Chancellor Rishi Sunak, Governor of the Bank of England and head of the Financial Conduct Authority has written to the heads of the largest banks to express their concerns.

They said: “The priority for all of us – banks, building societies, government and financial authorities – should now be to take all necessary steps to ensure that the benefits of the measures … are passed on to businesses and consumers “, they wrote

“This will require a willingness to maintain and expand lending despite uncertain economic conditions.”

The move came after it was claimed that banks were insisting on personal guarantees before providing money under the business interruption loan program.

Mr Sunak announced last week that the government would back interest-free loans of up to £ 5million for 12 months to help businesses weather the crisis, with banks covering up to 80% of losses if the companies are unable to pay.

But despite government assurances and lower interest rates, MPs said some “profiteer” banks were charging 12% interest on money after the first year.

In a warning to lenders, the prime minister’s spokesman said loan terms must ensure that all businesses that were viable before the crisis should be allowed to remain in business after.

“Under the business interruption loan program, the government will not charge companies for collateral,” they said.

“In addition, the government will cover the first 12 months of interest charges. Banks must also play their part.

“They should ensure that the benefits of the support put in place by the government and the Bank of England are passed on to businesses and consumers. We need to ensure that companies whose business models were viable before this crisis remain so. once this crisis is over. “

Meanwhile, the spokesperson also said banks were “not allowed” to ask for houses to be placed as collateral against the loans.

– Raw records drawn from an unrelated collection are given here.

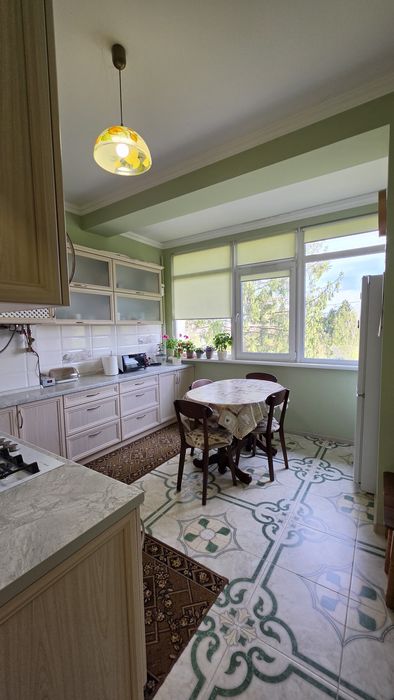 Однокімнатна новобудова на Полєтаєва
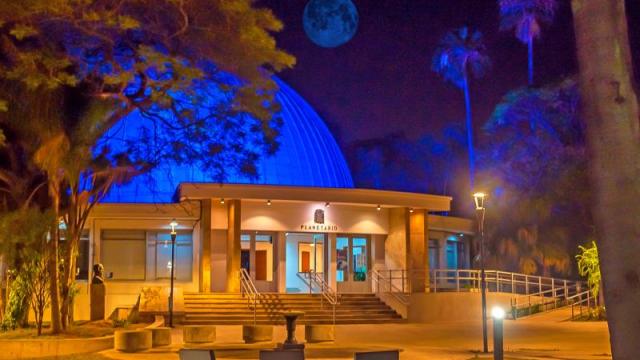 edificio del planetario de noche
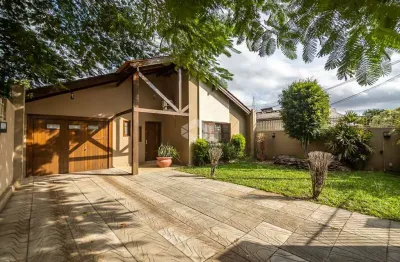 Casa 3 dormitórios sendo 1 suíte, 4 vagas,  lareira, pátio, piscina, à venda no bairro nossa senhora das graças, canoas. aceita financiamento fgts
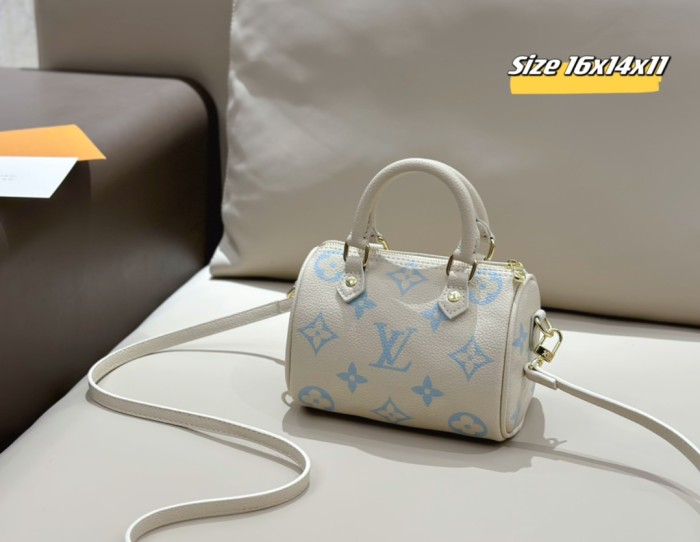 Split leather bag a set,3A ,no box,  B75-94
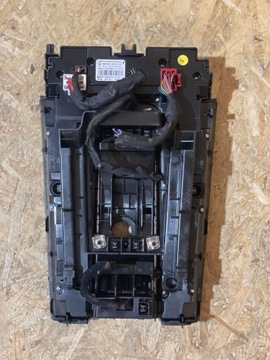 PANEL DEKORACE ŘÍZENÍ RUČNÍ PORSCHE MACAN FACELIFT 21- 95B907426E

Labor shadow secretary Rebecca Long-Bailey urged the government to take further action against banks, warning that restrictive conditions could deter companies from asking for the emergency money.

“It is scandalous that many banks are putting all the risk of government guaranteed loans on distressed businesses, despite government guarantees that protect lenders up to 80%,” she said.

“The government protects the banks but does not demand any protection from the companies in return. This must change immediately.

“Banks were responsible for the last financial crisis, they must not be allowed to hamper public efforts to support our economy through this crisis.”